» **What you are asked to do**:
Please report every line in the entries that contains the string "with".

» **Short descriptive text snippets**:
------
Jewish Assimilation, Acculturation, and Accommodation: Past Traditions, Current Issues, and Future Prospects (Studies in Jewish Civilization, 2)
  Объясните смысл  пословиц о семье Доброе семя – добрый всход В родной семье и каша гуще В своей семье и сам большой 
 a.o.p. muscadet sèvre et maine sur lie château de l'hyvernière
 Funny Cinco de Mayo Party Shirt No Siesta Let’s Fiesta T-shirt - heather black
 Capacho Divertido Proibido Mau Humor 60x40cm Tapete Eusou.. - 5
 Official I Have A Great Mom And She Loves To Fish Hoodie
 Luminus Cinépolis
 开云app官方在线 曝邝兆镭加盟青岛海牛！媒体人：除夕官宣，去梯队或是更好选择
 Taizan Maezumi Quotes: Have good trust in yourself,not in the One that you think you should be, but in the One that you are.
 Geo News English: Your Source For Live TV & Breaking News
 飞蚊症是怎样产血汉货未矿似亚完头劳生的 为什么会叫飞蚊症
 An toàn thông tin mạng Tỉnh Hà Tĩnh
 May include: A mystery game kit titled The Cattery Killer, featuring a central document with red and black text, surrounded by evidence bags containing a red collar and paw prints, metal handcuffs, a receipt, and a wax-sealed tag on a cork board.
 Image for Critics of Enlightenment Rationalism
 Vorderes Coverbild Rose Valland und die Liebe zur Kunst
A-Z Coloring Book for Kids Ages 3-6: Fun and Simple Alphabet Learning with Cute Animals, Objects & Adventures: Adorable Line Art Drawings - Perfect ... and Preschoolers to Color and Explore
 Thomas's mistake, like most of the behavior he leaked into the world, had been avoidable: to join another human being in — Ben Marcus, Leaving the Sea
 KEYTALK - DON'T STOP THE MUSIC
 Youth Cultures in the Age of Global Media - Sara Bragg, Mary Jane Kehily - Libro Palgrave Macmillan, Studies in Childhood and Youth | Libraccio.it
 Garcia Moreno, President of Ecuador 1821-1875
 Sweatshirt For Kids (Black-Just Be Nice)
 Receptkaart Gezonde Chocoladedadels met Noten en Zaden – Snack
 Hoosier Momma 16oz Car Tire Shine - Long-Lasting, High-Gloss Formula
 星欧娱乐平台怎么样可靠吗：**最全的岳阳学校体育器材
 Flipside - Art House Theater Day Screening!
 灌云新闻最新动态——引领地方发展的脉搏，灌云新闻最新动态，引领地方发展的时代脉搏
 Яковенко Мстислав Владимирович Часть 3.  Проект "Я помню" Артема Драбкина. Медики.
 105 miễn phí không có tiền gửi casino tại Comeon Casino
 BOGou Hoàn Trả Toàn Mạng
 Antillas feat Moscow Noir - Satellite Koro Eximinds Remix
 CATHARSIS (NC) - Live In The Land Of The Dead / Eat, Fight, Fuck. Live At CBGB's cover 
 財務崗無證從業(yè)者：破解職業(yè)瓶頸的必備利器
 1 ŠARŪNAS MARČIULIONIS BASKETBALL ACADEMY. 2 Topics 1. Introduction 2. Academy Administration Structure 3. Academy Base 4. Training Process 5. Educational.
------
» **Answer section**:
 May include: A mystery game kit titled The Cattery Killer, featuring a central document with red and black text, surrounded by evidence bags containing a red collar and paw prints, metal handcuffs, a receipt, and a wax-sealed tag on a cork board.
A-Z Coloring Book for Kids Ages 3-6: Fun and Simple Alphabet Learning with Cute Animals, Objects & Adventures: Adorable Line Art Drawings - Perfect ... and Preschoolers to Color and Explore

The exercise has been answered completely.